_RECORDS PROVIDED_:
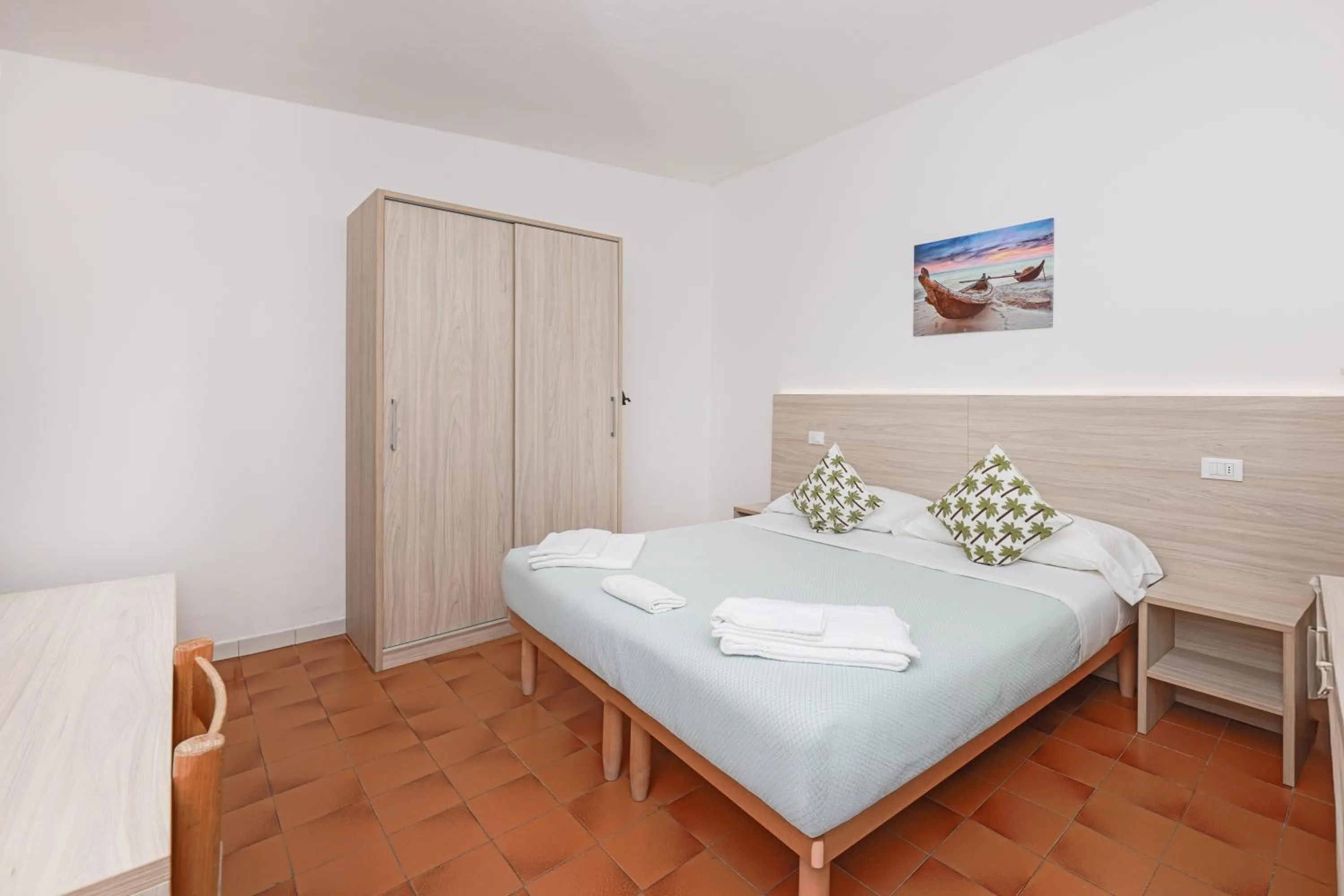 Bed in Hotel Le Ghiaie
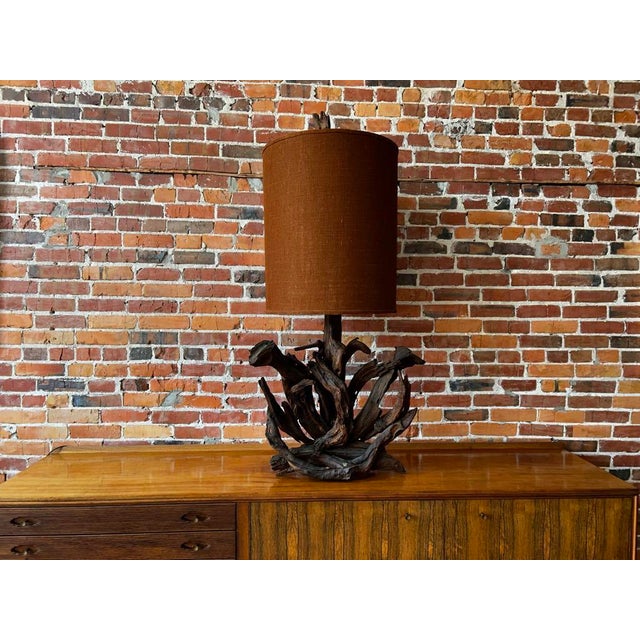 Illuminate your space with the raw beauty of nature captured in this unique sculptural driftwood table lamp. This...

* * *

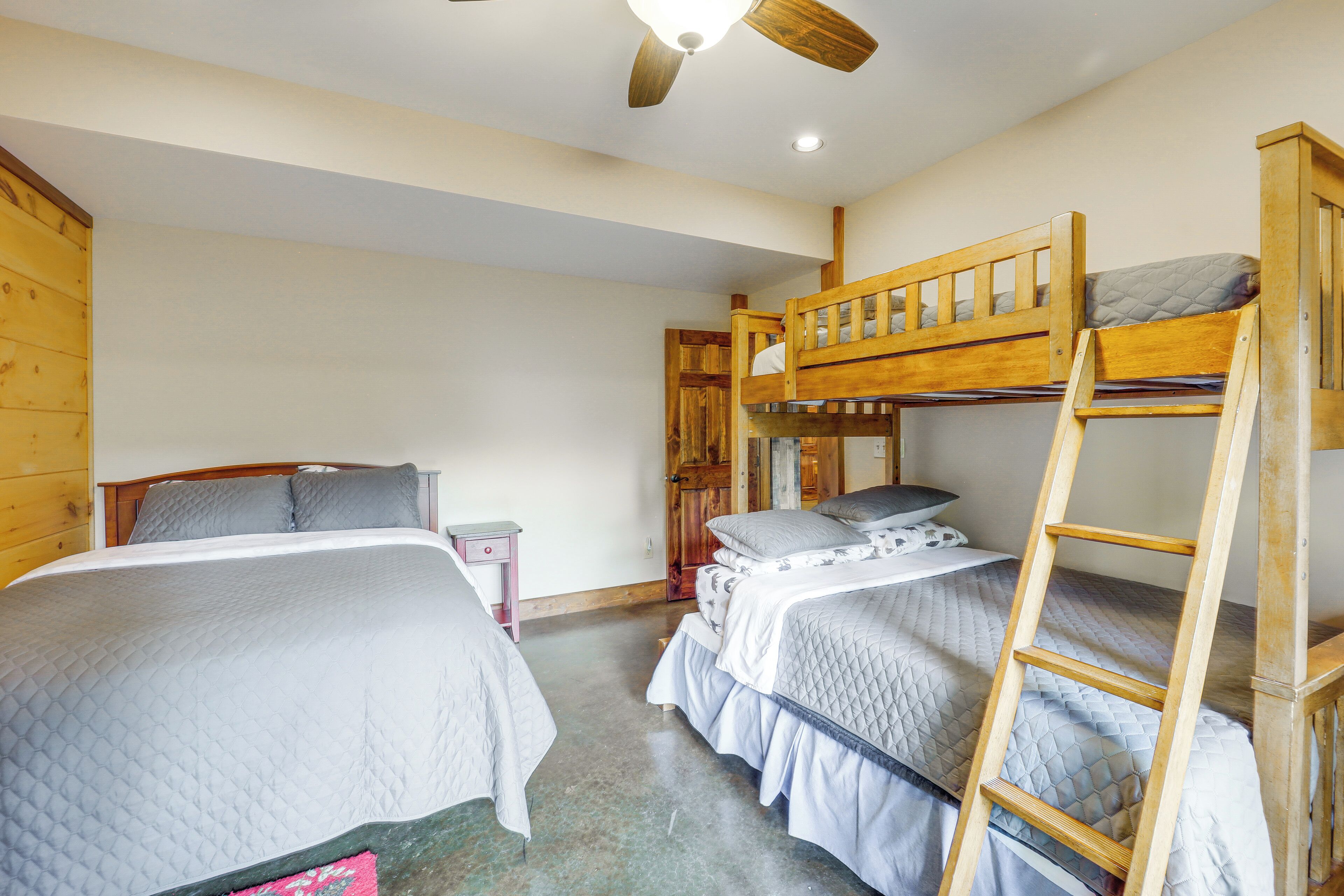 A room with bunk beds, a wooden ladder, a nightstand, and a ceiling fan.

...

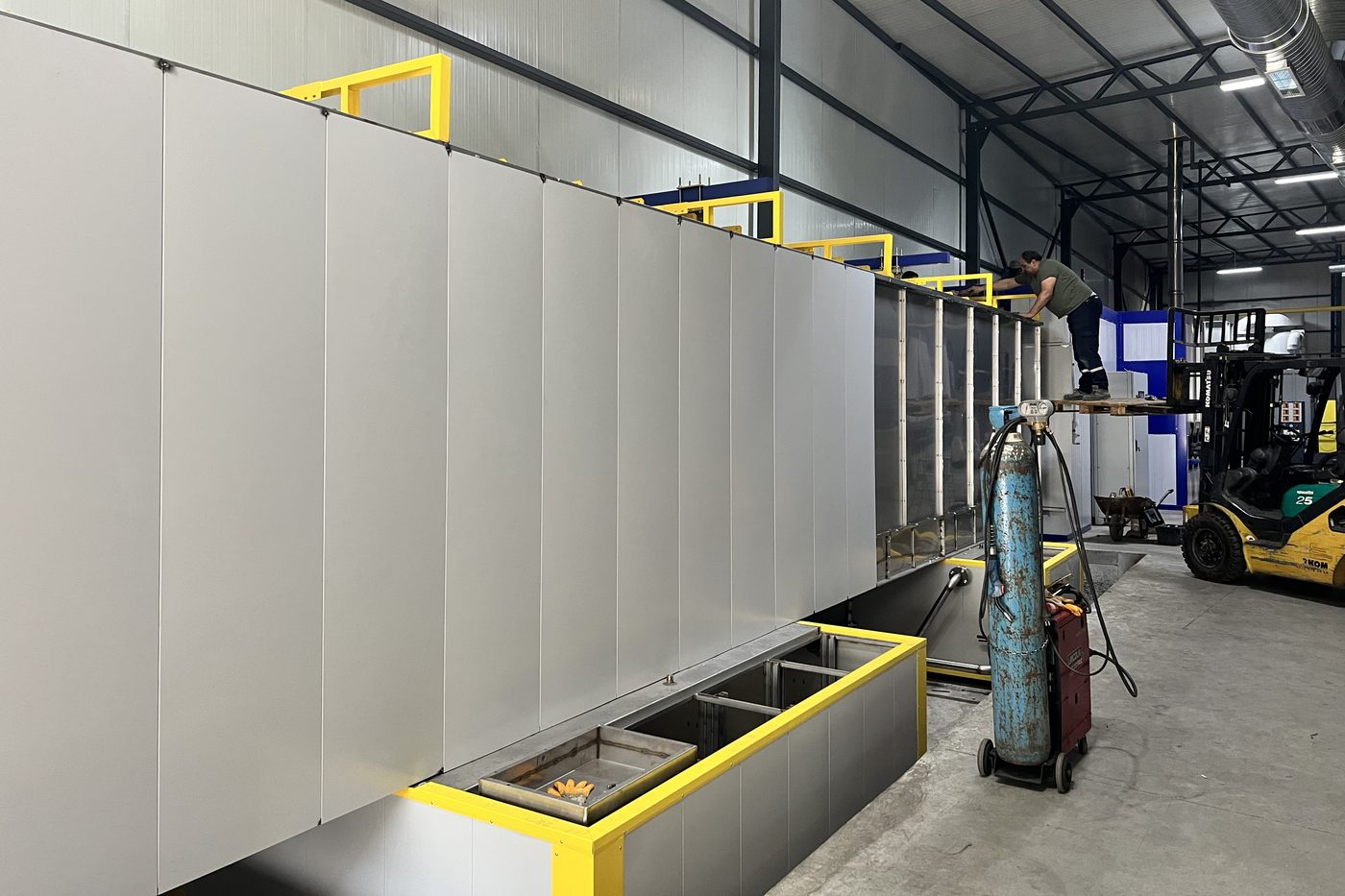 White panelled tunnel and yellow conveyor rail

_PROBLEM STATEMENT_: Given the records above, return the lines starting at the one that holds "Bed in Hotel Le Ghiaie" and ending at the one that holds "Illuminate your space", exactly, and nothing besides; leave every picture out.

_EXERCISE RESPONSE_:
 Bed in Hotel Le Ghiaie
 Illuminate your space with the raw beauty of nature captured in this unique sculptural driftwood table lamp. This...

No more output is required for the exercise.